Network’s DNS queries redirection to localhost

dnsNetwork

Before saying anything, I would like you to know that my experience in the field of network administration is about 3 days long, so please treat me like the newbie I am. I have also been looking around 2 of these 3 days trying to find the best way to achieve my objective, and I have found similar questions around the internet, but I have not been able to do it.

I am running an Apache2 server on localhost:8080 from a Mac OS X fully updated Lion. This Mac is connected through Ethernet (interface en0) to a wireless Access Point. In the AP, I have set up the gateway to be 192.192.192.1, and I have given that IP address to en0. The objective of this network is redirecting anyone's http/https petitions to the localhost of the gateway, showing them the page that apache is serving.

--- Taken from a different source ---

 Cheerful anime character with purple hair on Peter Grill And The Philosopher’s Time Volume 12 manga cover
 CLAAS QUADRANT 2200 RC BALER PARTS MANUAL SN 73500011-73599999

If before this point there's any conceptual mistake, please let me know

As far as I have understood, the best way to do this redirection is using the pf.conf file and pfctl, but the man page of pf.conf left me with a bit of a WTF face. I have found in freebsdonline.com these instructions to do something similar:

# --------- pf.conf ----------
int_if="fxp0"
ext_if="fxp1"

rdr on $int_if inet proto tcp from any to any port www -> 127.0.0.1 port 8080
pass in on $int_if inet proto tcp from any to 127.0.0.1 port 8080 keep state
pass out on $ext_if inet proto tcp from any to any port www keep state
# ------- end pf.conf -------

The thing is that this pf.conf seems to be forwarding packets between 2 interfaces, and I dont need that (do I?). Could you help me to adapt, or at least understand that lines? And is there anything else I need to do once that lines have been added to pf.conf?

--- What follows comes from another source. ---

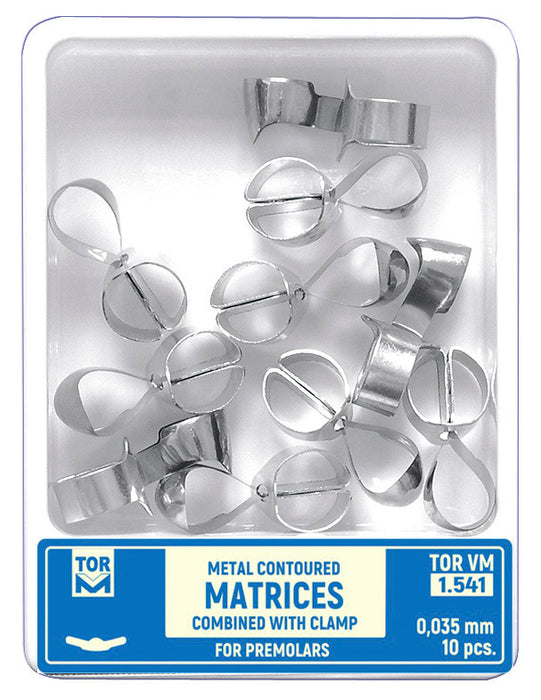 Metal Contoured Matrices for Premolars Combined with Clamp shape 1 (one central ledge) 10pcs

P.S: If you know any easier way of doing this redirection stuff, I'll be glad to hear it. I though about using dnsspoof, but I haven't been able to find it for OSX.

Best Answer

Since you didn't mention it, I would make sure to navigate to:

/private/etc/apache2/  

and open (using your text editor of choice; vi/m works, of course)

httpd.conf  

Once you're there, make sure that lines 39 and 40 (or thereabouts) read:

Listen *your_web_site's_address*:8080  
Listen 8080  

If it reads

Listen 12.34.56.78:80  
Listen 80  

Then that is certainly a big part of your problem, as the server is listening on the wrong port altogether. As always, make sure to properly configure your firewall(s)!